━━━━━ Information provided

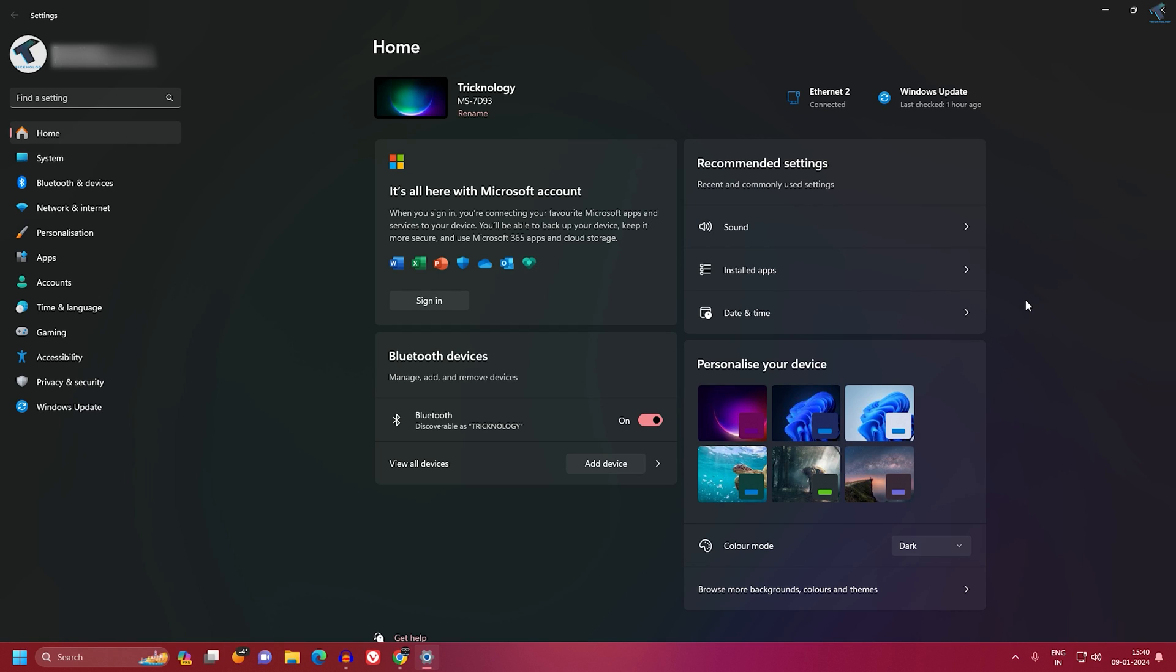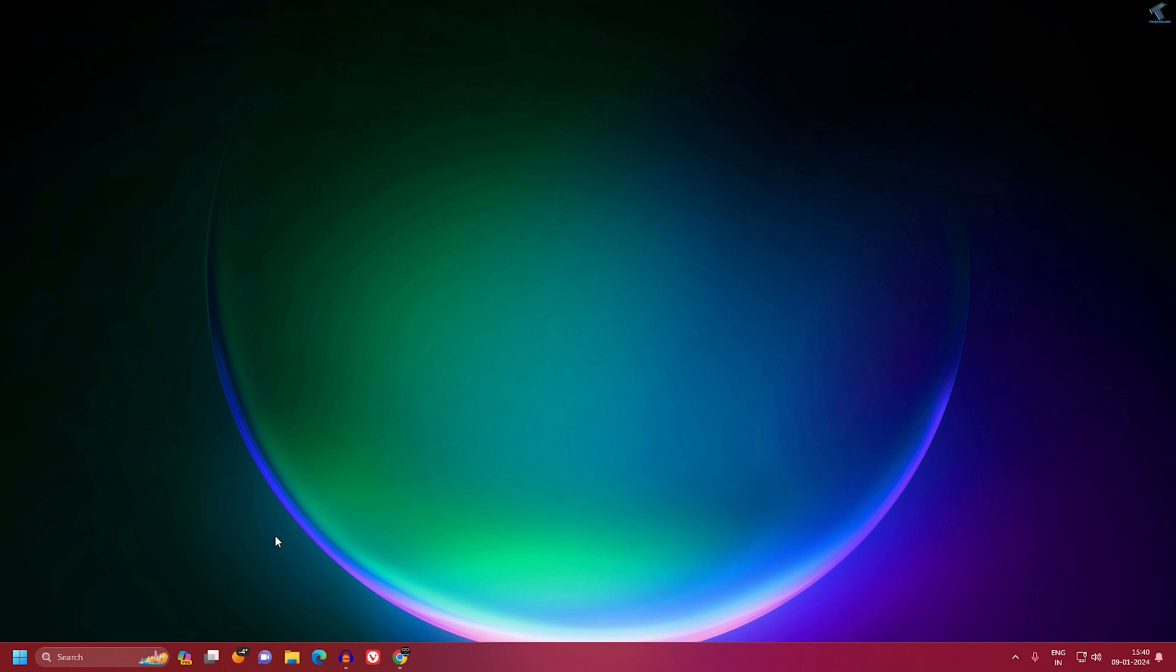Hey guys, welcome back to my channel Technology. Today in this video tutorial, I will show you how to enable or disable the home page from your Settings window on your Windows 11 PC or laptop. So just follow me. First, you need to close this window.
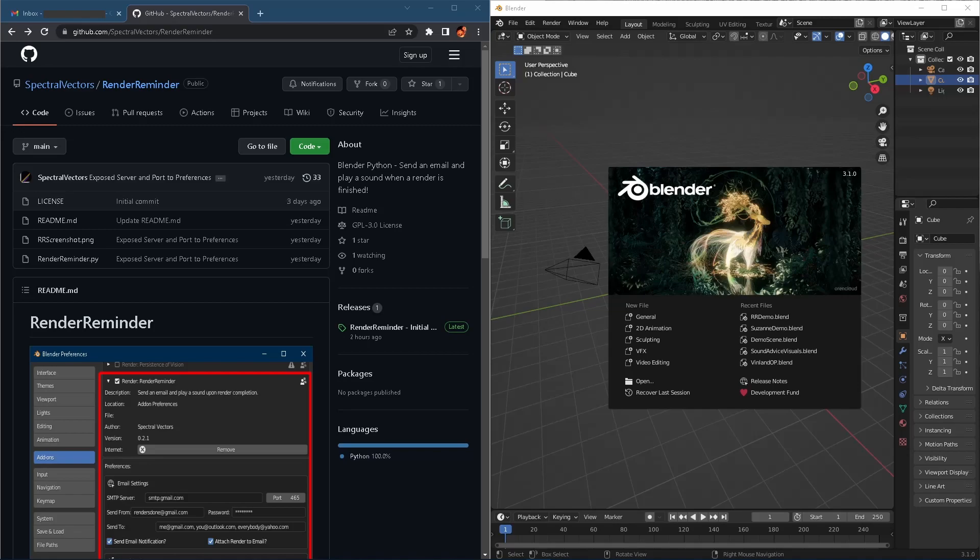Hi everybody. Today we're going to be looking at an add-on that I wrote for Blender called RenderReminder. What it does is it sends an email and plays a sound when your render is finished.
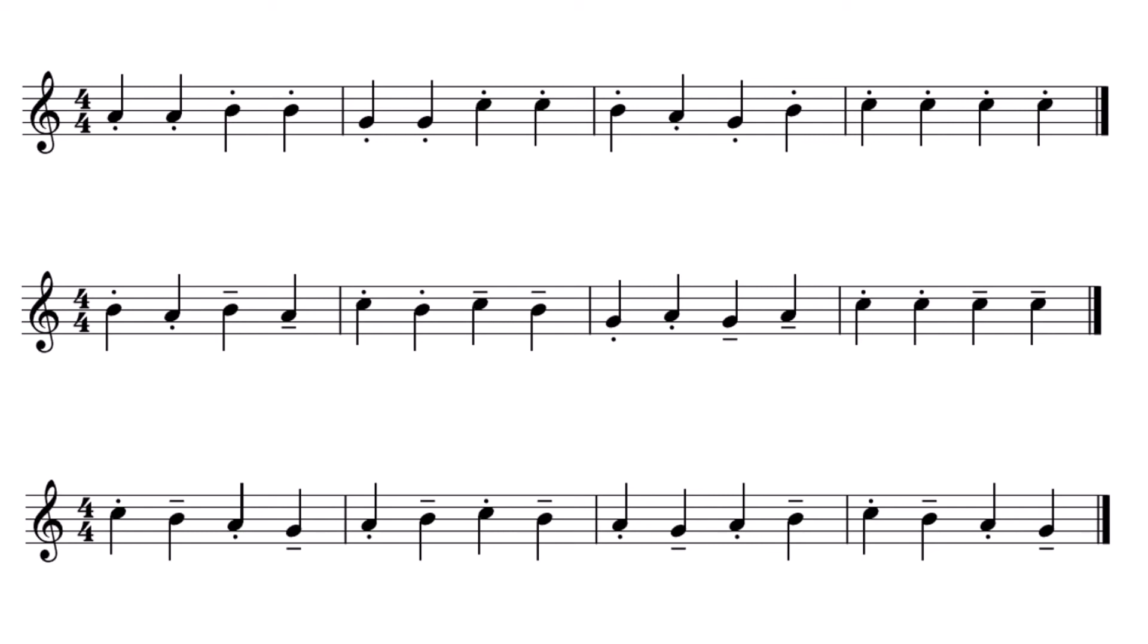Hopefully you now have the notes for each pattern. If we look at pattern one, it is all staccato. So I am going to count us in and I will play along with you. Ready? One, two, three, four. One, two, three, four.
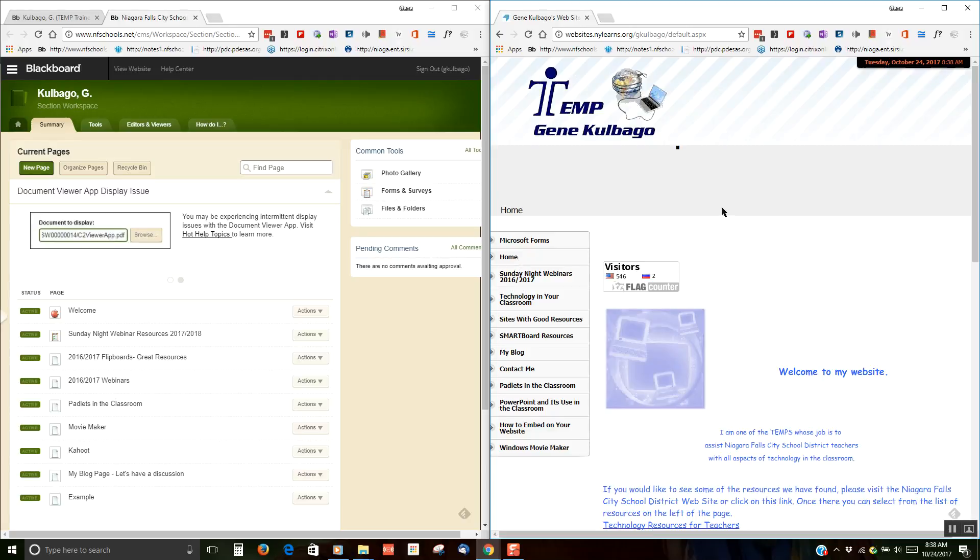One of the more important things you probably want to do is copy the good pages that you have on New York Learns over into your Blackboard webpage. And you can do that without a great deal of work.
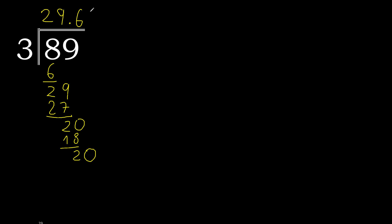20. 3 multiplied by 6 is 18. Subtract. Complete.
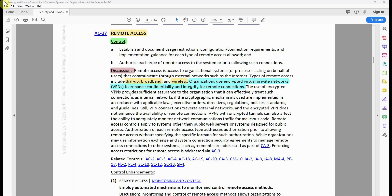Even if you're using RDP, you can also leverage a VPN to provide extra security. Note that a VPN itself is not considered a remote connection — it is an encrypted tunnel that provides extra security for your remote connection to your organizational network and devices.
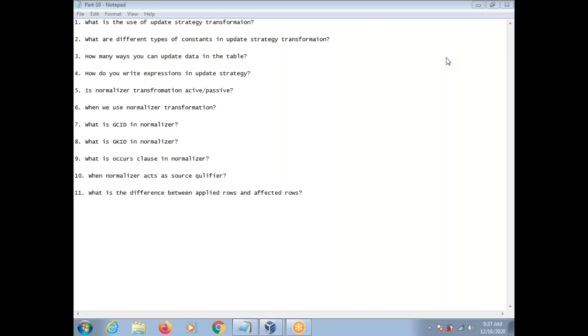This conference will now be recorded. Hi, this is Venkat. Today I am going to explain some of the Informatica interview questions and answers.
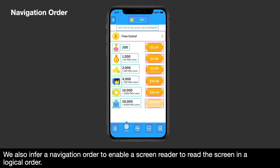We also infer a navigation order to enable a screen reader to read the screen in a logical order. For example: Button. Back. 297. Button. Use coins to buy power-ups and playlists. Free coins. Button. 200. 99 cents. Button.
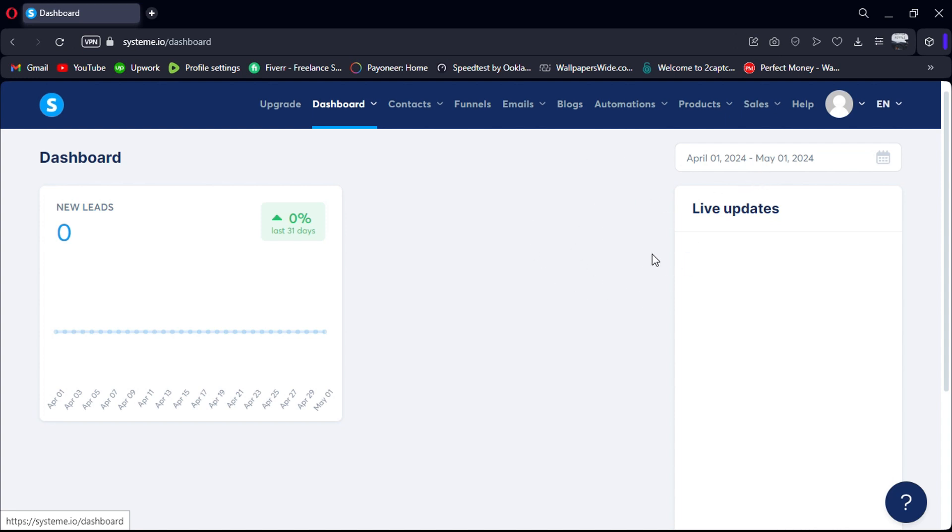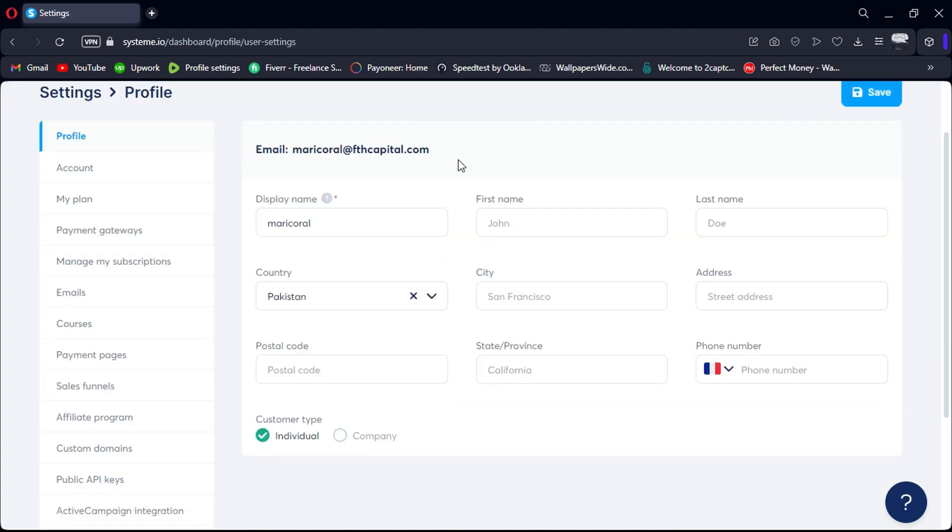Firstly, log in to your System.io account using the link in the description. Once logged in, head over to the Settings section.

━━━━━━━━━━

> **Goal of the exercise**
With the pictures removed, please retype each record exactly.

> **Answer to this problem**
Hey guys, welcome back to my channel Technology. Today in this video tutorial, I will show you how to enable or disable the home page from your Settings window on your Windows 11 PC or laptop. So just follow me. First, you need to close this window.
Hi everybody. Today we're going to be looking at an add-on that I wrote for Blender called RenderReminder. What it does is it sends an email and plays a sound when your render is finished.
Hopefully you now have the notes for each pattern. If we look at pattern one, it is all staccato. So I am going to count us in and I will play along with you. Ready? One, two, three, four. One, two, three, four.
One of the more important things you probably want to do is copy the good pages that you have on New York Learns over into your Blackboard webpage. And you can do that without a great deal of work.
20. 3 multiplied by 6 is 18. Subtract. Complete.
Even if you're using RDP, you can also leverage a VPN to provide extra security. Note that a VPN itself is not considered a remote connection — it is an encrypted tunnel that provides extra security for your remote connection to your organizational network and devices.
This conference will now be recorded. Hi, this is Venkat. Today I am going to explain some of the Informatica interview questions and answers.
We also infer a navigation order to enable a screen reader to read the screen in a logical order. For example: Button. Back. 297. Button. Use coins to buy power-ups and playlists. Free coins. Button. 200. 99 cents. Button.
Firstly, log in to your System.io account using the link in the description. Once logged in, head over to the Settings section.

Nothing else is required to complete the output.